> [ENTRIES PROVIDED]:
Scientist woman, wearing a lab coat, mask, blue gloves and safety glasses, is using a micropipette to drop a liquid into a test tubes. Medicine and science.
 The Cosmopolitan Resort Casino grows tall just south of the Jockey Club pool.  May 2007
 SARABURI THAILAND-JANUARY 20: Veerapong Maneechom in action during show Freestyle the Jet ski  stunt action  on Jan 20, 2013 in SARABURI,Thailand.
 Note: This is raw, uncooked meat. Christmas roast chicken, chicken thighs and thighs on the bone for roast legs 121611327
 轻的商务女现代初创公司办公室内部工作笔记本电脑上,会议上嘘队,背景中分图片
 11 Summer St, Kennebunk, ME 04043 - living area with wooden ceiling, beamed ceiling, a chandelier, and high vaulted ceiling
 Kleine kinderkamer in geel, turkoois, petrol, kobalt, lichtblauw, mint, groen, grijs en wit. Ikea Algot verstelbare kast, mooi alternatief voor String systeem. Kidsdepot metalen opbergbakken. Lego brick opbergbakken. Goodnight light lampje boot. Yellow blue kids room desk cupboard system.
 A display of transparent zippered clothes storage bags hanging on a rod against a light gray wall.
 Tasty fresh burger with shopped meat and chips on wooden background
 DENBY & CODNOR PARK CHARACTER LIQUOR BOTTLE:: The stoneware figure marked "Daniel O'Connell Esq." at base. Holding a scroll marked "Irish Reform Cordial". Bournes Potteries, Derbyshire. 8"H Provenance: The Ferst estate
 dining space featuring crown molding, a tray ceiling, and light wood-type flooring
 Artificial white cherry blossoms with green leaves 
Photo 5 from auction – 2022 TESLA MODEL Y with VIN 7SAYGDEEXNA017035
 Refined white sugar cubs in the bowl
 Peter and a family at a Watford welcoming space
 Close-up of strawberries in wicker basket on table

> [THE PROBLEM]:
All lines from the one that contains "Photo 5 from" to the last line above must be given again exactly, with both included and nothing added.

> [EXERCISE ANSWER]:
Photo 5 from auction – 2022 TESLA MODEL Y with VIN 7SAYGDEEXNA017035
 Refined white sugar cubs in the bowl
 Peter and a family at a Watford welcoming space
 Close-up of strawberries in wicker basket on table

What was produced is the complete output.